# Records shown
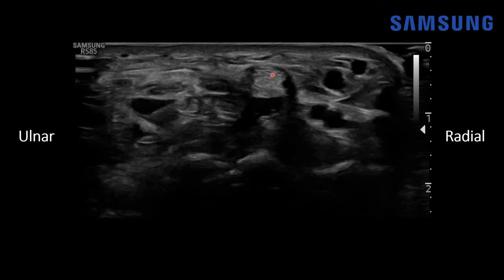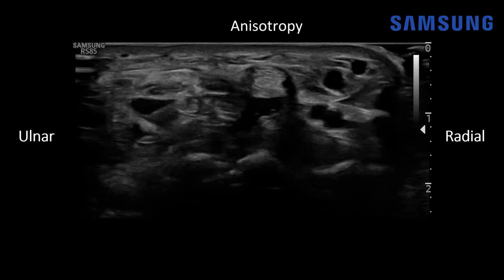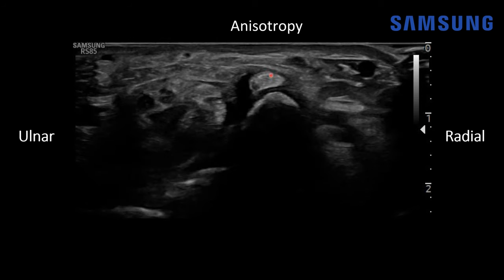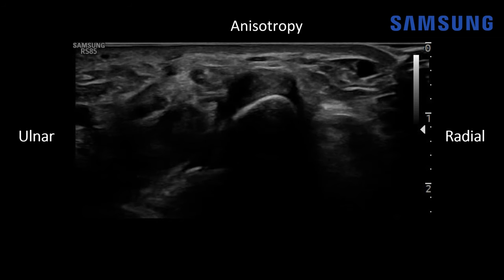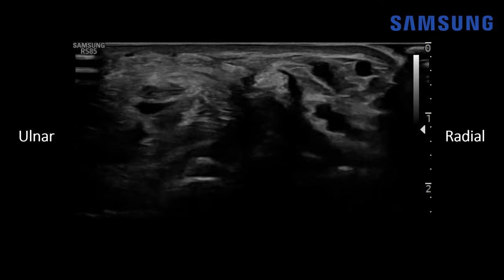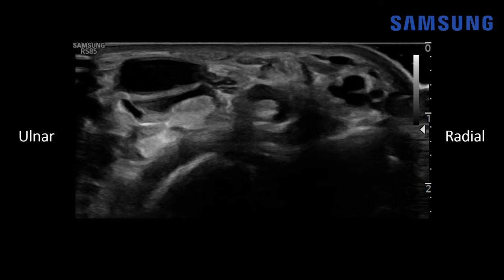The other way you can identify this as a tendon and not a nerve is the phenomenon of anisotropy, which is an artifact we typically only see with tendons. Normally they'll have this bright echogenic compact fibrillar structure when the ultrasound beam is perpendicular to the tendon, but as it dives down and is no longer perpendicular, it becomes hypoechoic. That's a phenomenon we do not see with nerves — they remain having that honeycomb configuration.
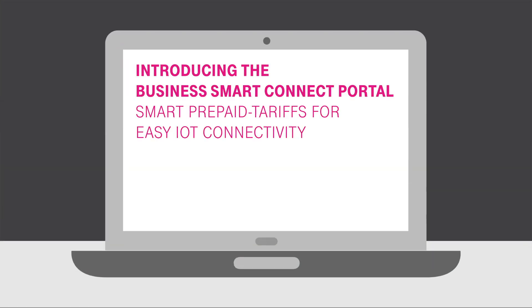The Business Smart Connect Tariffs include free access to the Business Smart Connect Portal, which is a full-scale connectivity management platform.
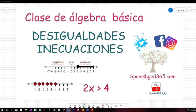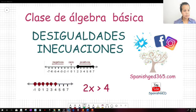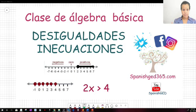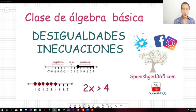Vamos a ver desigualdades, lo que significan las desigualdades y las inecuaciones, con ejemplos. Este tema es importante porque no tengo ningún video todavía en el canal de YouTube. Voy a explicar desde lo más básico: cómo representar las desigualdades en la recta numérica, cómo resolverlas y qué relación tienen con las ecuaciones. Bienvenidos a todos los que están conectados hoy.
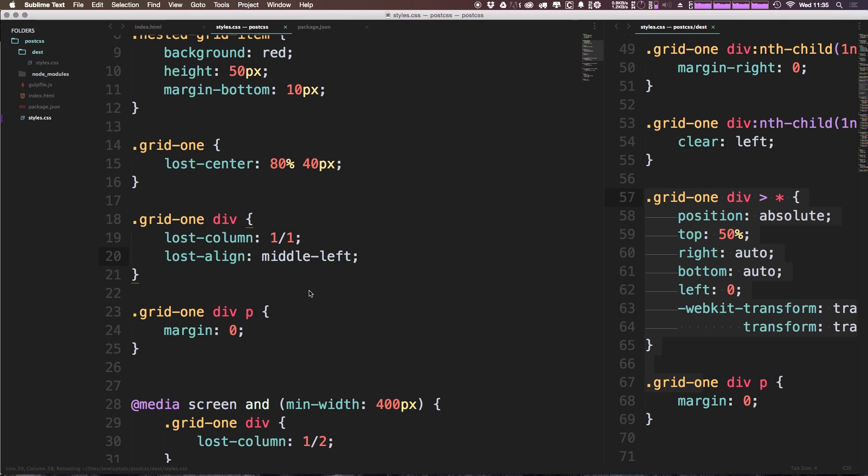Cool, and you could even have middle-center, or you could just have center which is sort of like a shorthand for that. Or we could even have something like just right, and when we have it just right you can see it automatically puts it in the center, just puts it on the right. If you want a top-right or bottom-right you would just have to specify with a hyphen. Cool, so this is lost-align and lost-center, two really super helpful properties that come with Lost Grid.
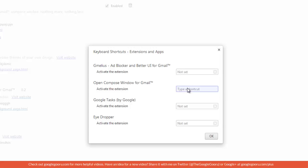For example I'll click in here and then I'll try out control shift C and click okay.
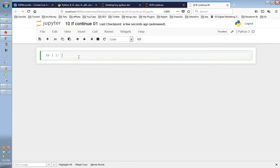In the previous video, we reviewed if statements. Now we will review if statements again. The if statement is the same — we continue with the same statement. We will use Python from a data science perspective. Python has many libraries and functions we will try to explain.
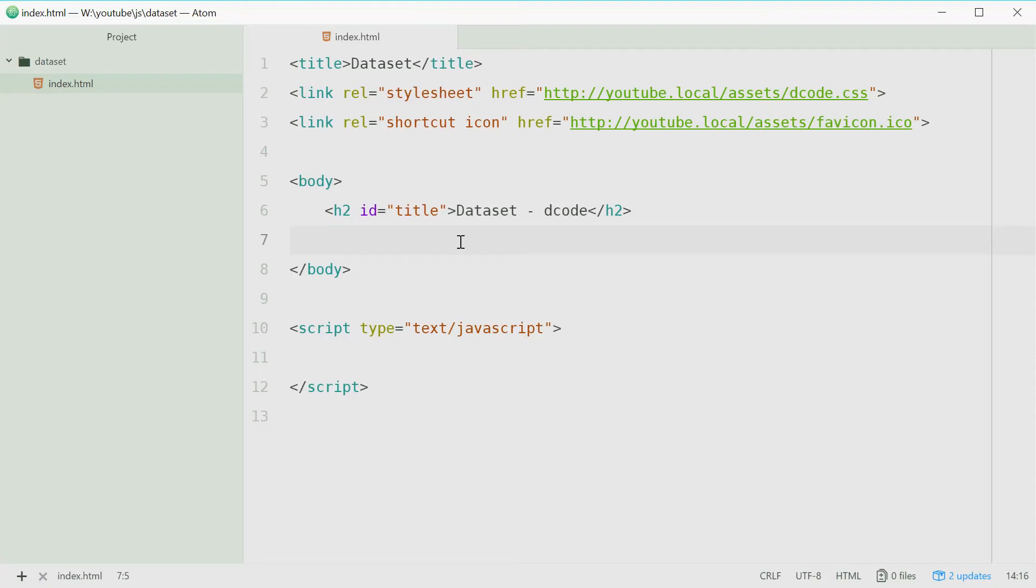How's it going guys? My name is Dom and today I want to talk about the very useful dataset property on HTML elements in JavaScript.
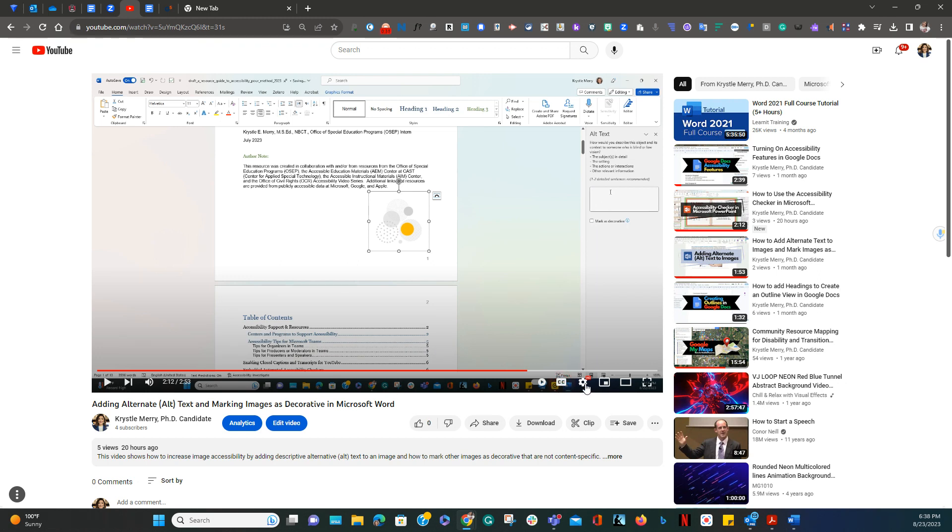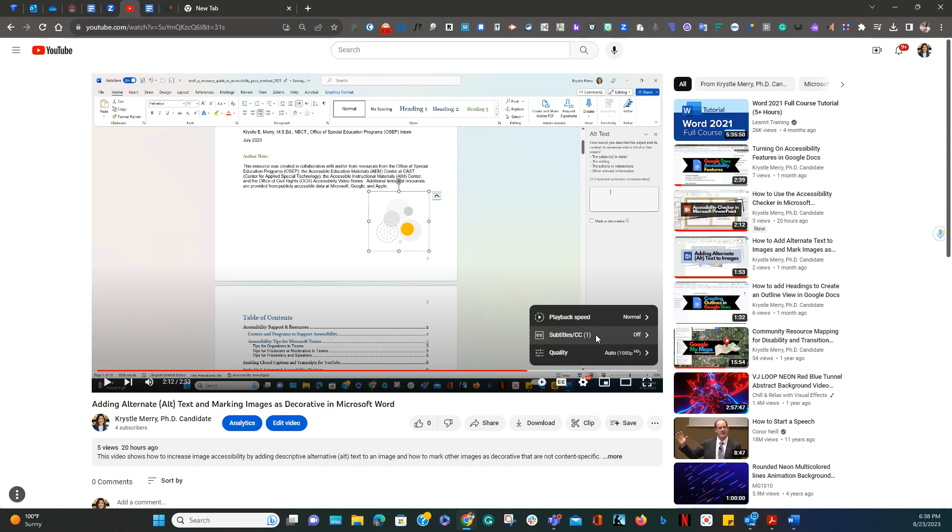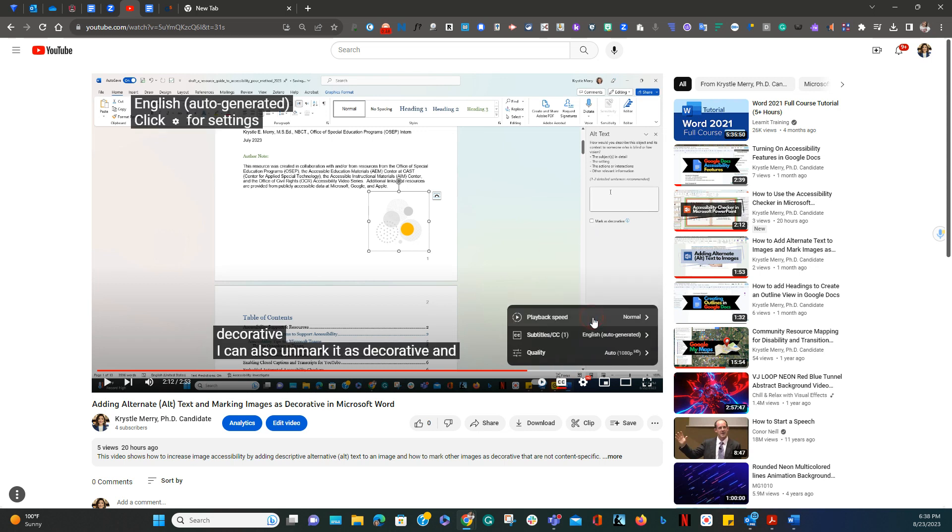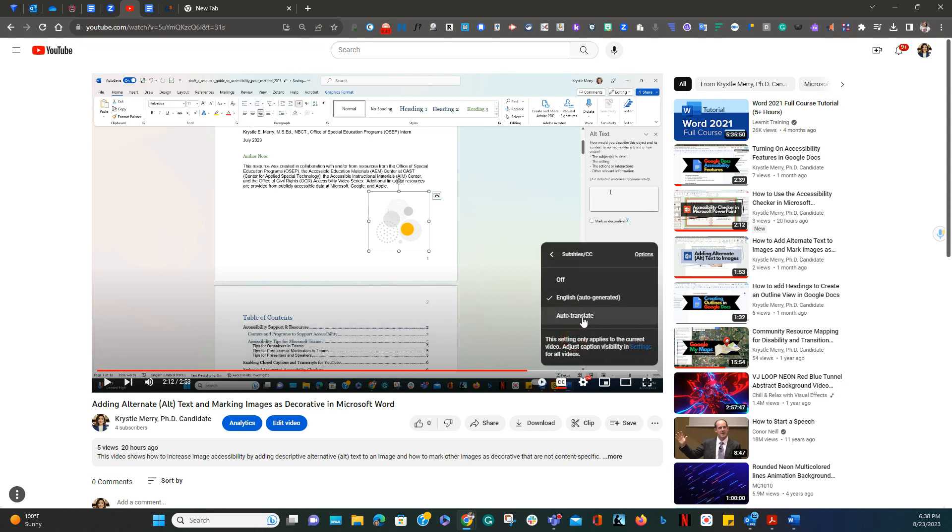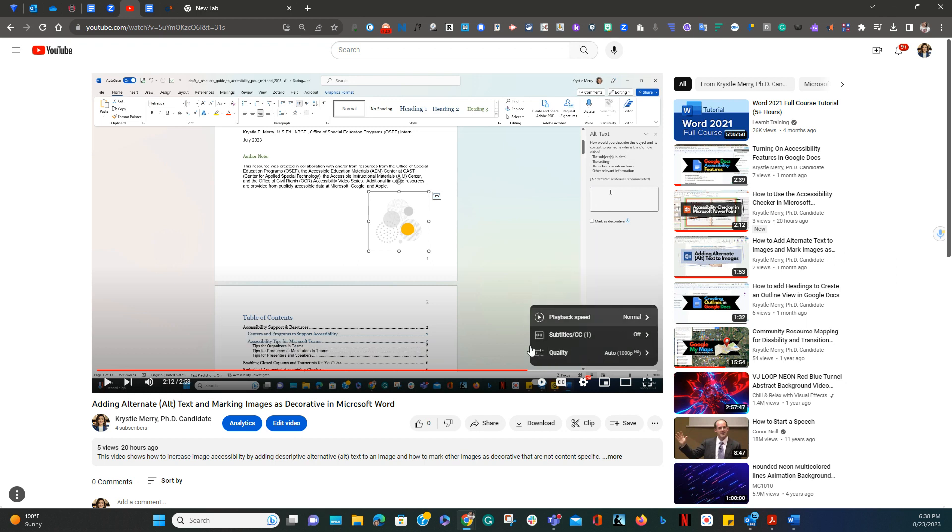To go to settings, you can change subtitles to automatically generated or auto-translate, which means it's going to translate based on the language that it detects, or you can turn them off.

# Task goal
Without any pictures, reproduce exactly the lines from the line that contains "How's it going" to the end of the entries above, both ends included.

# Task response
How's it going guys? My name is Dom and today I want to talk about the very useful dataset property on HTML elements in JavaScript.
To go to settings, you can change subtitles to automatically generated or auto-translate, which means it's going to translate based on the language that it detects, or you can turn them off.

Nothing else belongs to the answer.